CRITICISM OF the Government’s education strategies by a former leading university academic was “unfair” and misinformed, the Department of Education has said.
Prof Tom Begley, who was until recently dean of UCD’s Smurfit and Quinn business schools, said the Leaving Cert should be scrapped and the Government “does not have a clue” how to manage third-level education.
In an interview published in the Sunday Timesyesterday, Mr Begley, a US academic who has returned to the US after seven years at UCD, said the Government lacked a strategy for third-level education, although he said Minister for Education Ruairí Quinn was showing "some good early signs".
In relation to the Leaving Cert he is reported as saying: “I would love to see it taken out into a field and blown up. It is completely dysfunctional.”
A spokeswoman for the department yesterday said Mr Quinn was on the record in relation to his concerns about the “points system” for third-level entry and the effect this had had on the Leaving Cert and the readiness of new entrants into higher education.
She said Mr Quinn had asked the heads of the universities and institutes of technology to submit by September ideas for improving the system of entry to third level. These ideas would be used as the basis for a conference on the transfer from second to third level.
Plans for the reform of the Junior Cert were already in train, she said, and it was expected that the 2012 secondary school entrants would be starting a “revamped” junior cycle course. It was the intention that these students would go on to sit a reformed Leaving Cert.
“Perhaps Tom Begley is not completely au fait with what the Minister has already begun to do.

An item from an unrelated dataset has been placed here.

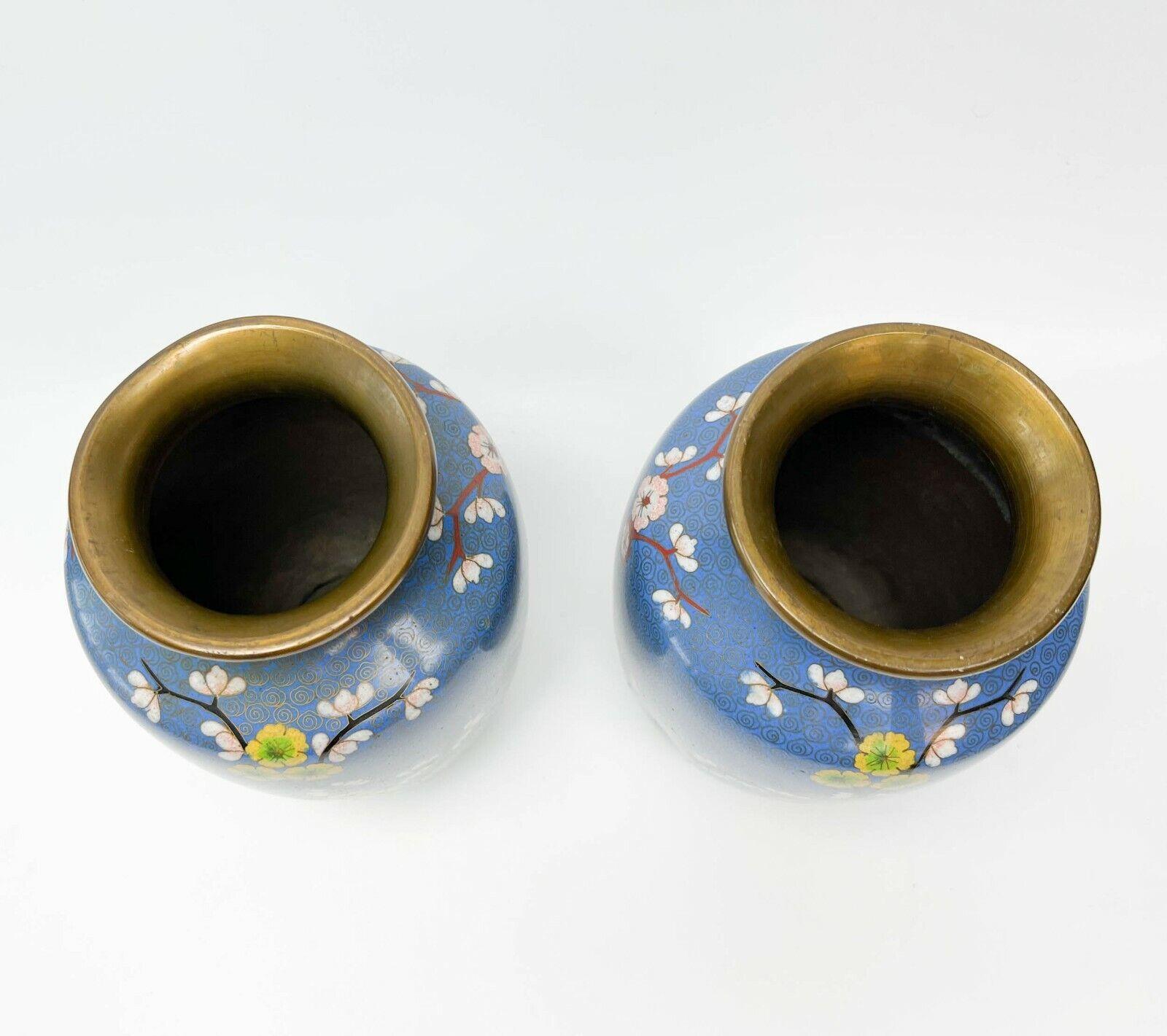 Bronzed Pair of Chinese Cloisonne Enamel Enamel and Bronze Mounted Vases Penny Marshall For Sale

Bearing in mind that he has only been Minister since March 10th, the criticism is unfair,” she said.
However, the positive comments made by Mr Begley in relation to Mr Quinn showing promise were welcome, she added.
Mr Begley, who has been appointed to Rensselaer Polytechnic Institute in New York, said last year’s Hunt report, which outlined a national strategy on higher education, was a great disappointment.
Mr Quinn has said while the strategy was not perfect it provided a “sufficient blueprint” for action to improve the higher education sector.